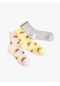Koton Çorap Seti 3'lü Gökkuşağı Desenli Pamuklu Multıcolor 4skg80036aa 4SKG80036AAMIX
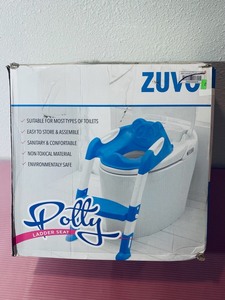 lot 148 image: New Other Zuvo Potty Ladder Seat - Blue & White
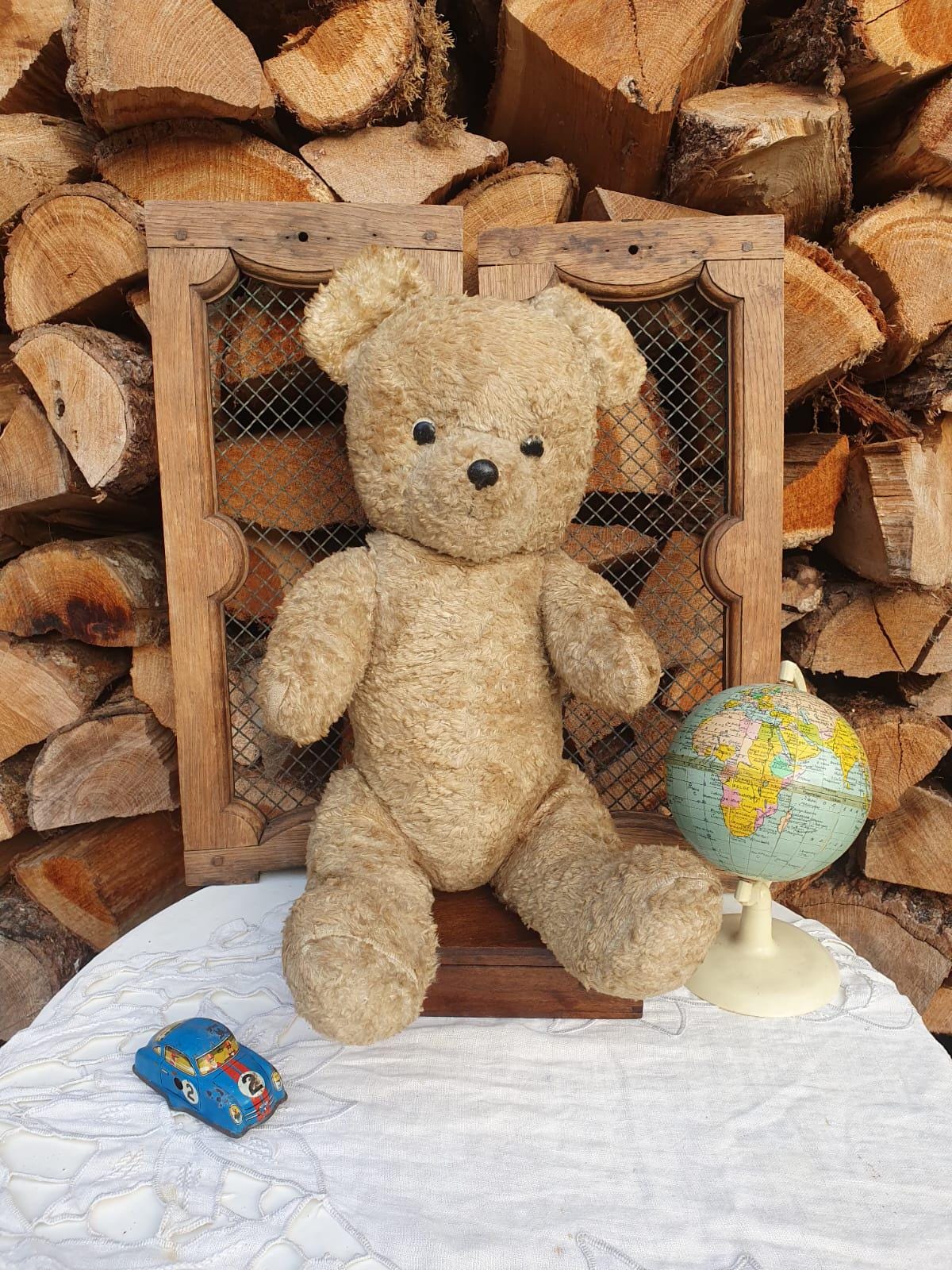 Antique straw filled teddy bear - Etsy 日本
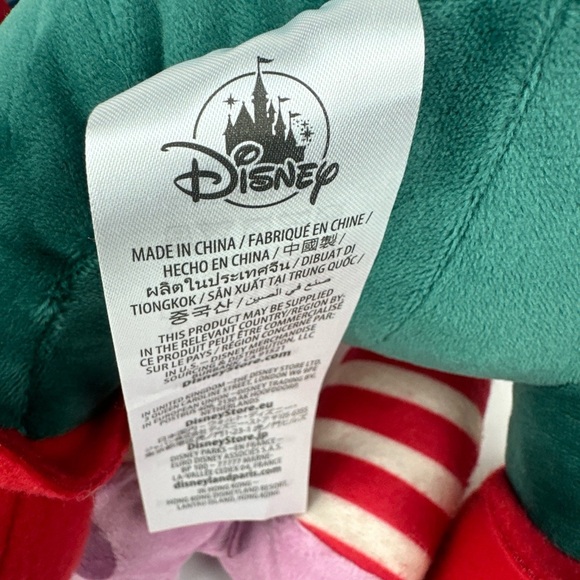 Stitch & Angel Plush Set  Disney Parks Christmas Elf Stitch Holiday Toy New - Picture 9 of 9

** EXERCISE AIM **
Reproduce the listing above exactly, but skip the pictures.

** FINAL ANSWER **
Koton Çorap Seti 3'lü Gökkuşağı Desenli Pamuklu Multıcolor 4skg80036aa 4SKG80036AAMIX
 lot 148 image: New Other Zuvo Potty Ladder Seat - Blue & White
 Antique straw filled teddy bear - Etsy 日本
 Stitch & Angel Plush Set  Disney Parks Christmas Elf Stitch Holiday Toy New - Picture 9 of 9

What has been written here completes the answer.